Page 121 of Beautiful Betrayal

Her voice is small, but her will is not or she wouldn’t have lived through the abuse she endured.

The hostess seats us and I have Delaney sit across from Reese, and it’s not long before we all have steamy cups filled with coffee. I don’t try to direct the meeting, not quite yet. I let Reese and Delaney start things out.

“I’m interested in your case, Delaney,” Reese says. “but I don’t represent anyone I don’t believe is innocent. Once I believe in you, I’m passionate about winning, as I know Mia is as well. I need to feel the passion she does for your case. I need you to tell me your story in your words.”

Once she begins to speak, I plan to lead her to my controversial defense that really shouldn’t be controversial at all. Not once the entire story is told.

“I don’t think there’s a reason for me to tell my story,” Delaney says, which doesn’t surprise me. I know where she’s going: to that honest place that won me over.

Reese arches a brow. “And why is that?”

“Because you just said that you don’t represent anyone you don’t believe is innocent. I’m not. I killed my husband.”

Chapter eighty-one

Mia

At Delaney’s declaration that she killed her husband, Reese doesn’t so much as blink. He doesn’t look at me, either. He stays focused on Delaney. “Why?” he asks.

“Does it matter?” Delaney challenges. “I killed him.”

“Do you want to go to jail?” Reese counters.

She cuts her stare, swallows hard, and then meets his stare again. “No, but,” her fingers curl into her palms where they rest on the table, “I killedhim.”

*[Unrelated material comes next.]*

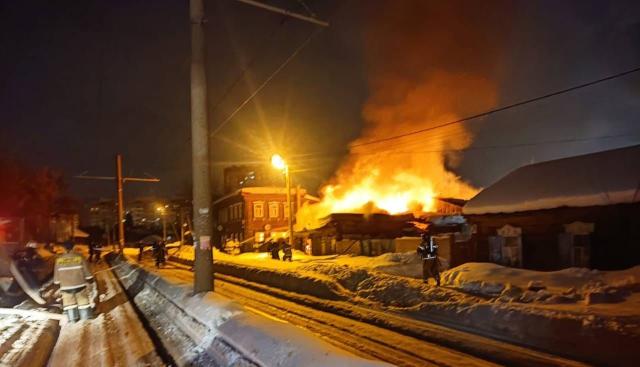 В Уфе два человека стали жертвами ночного пожара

Reese doesn’t miss a beat. “Why?”

“He wouldn’t stop hitting me.”

I pull a folder out of my briefcase, open it, and slide a photo of her from the night of “the incident” in front of him. In the photo, Delaney’s face is beaten black and blue and her eye is swollen shut. He glances down at it, shows no reaction, and then looks at her. “Tell me more.”

She swallows hard. “I was—desperate—for him to stop. I reached for anything and I grabbed the fireplace—the metal thing by the fireplace. The fire poker.” She presses two fingersto her temple and then powers through the words. “I hit him. I didn’t mean to kill him.”

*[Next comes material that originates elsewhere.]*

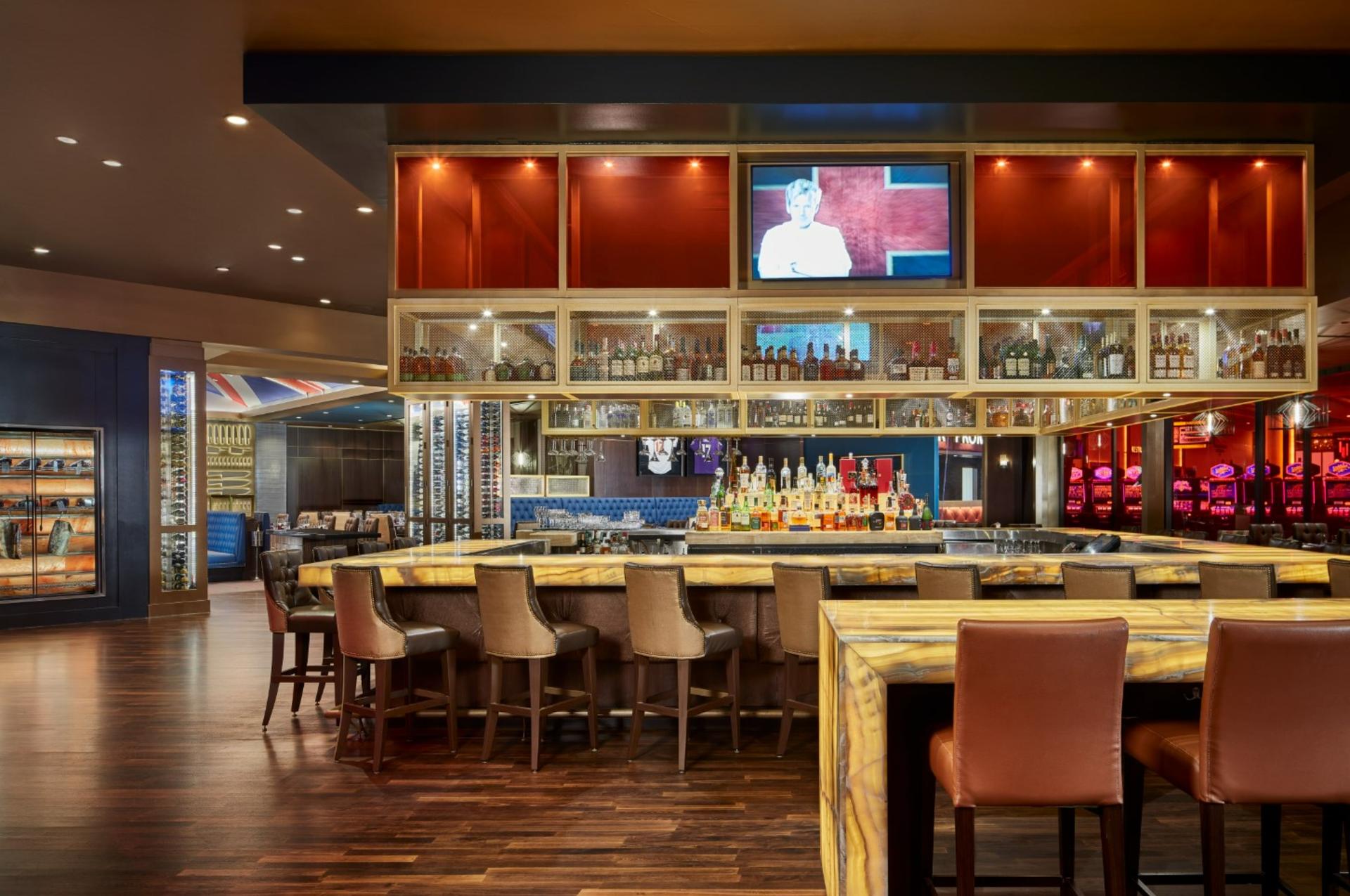Bar & Lounge Area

“How often did he beat you?” Reese asks.

“Daily,” she replies.

“Did he rape you?” Reese asks, getting right to the point.

“Daily,” she repeats.

“Why didn’t you leave?” Reese asks next.

“He threatened anyone and everyone I knew.” She makes a choked sound. “He even threatened the grocery store bakery manager I chat with every day who has three kids. And he had the money to make people dead and not get caught.”

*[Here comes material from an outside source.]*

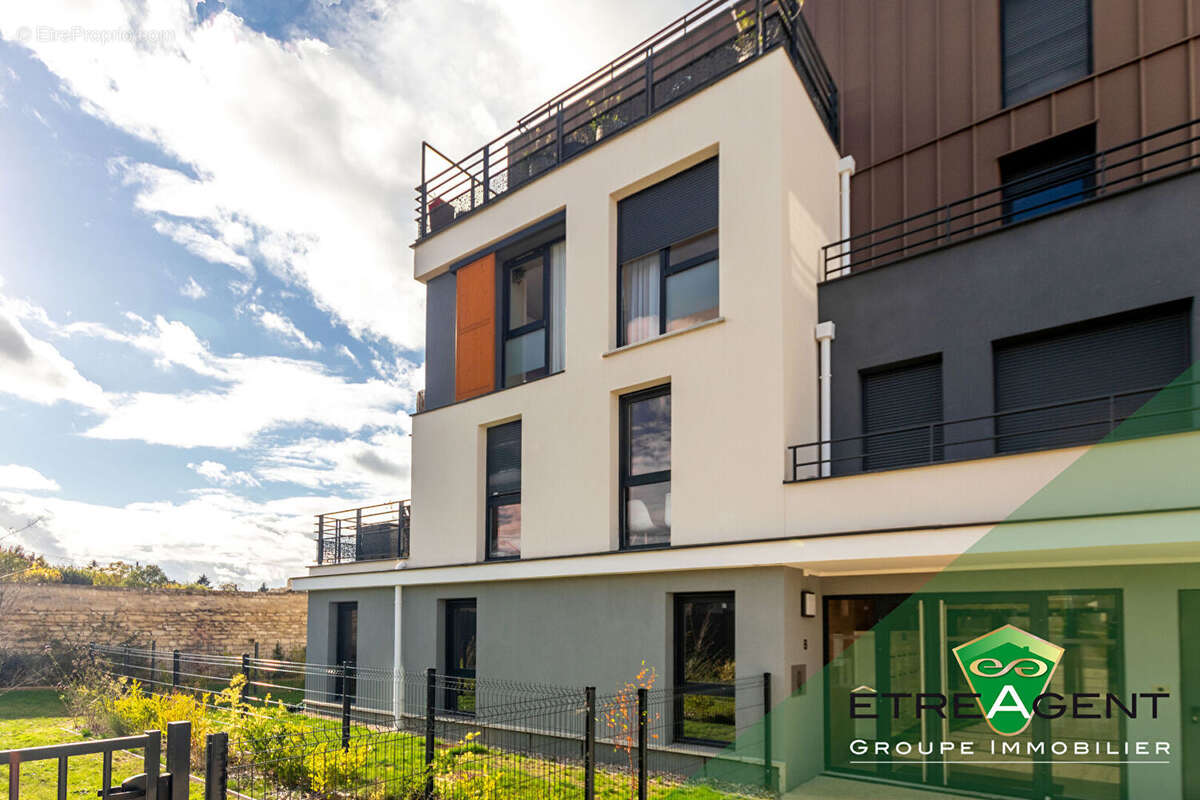 Appartement à VERNEUIL-SUR-SEINE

Reese arches a brow. “Did he tell you that?”

“Every day for sixteen of our seventeen years together.”

My chest and eyes pinch just looking into her tormented stare. “Who inherits if you don’t?” I ask, leading her to my strategy for her defense.

“My daughter,” she replies.

“Who inherits if your daughter doesn’t inherit?” I ask.

“His brother.”

And we’re almost to the sweet spot I’m reaching for. “What’s your relationship with his brother?”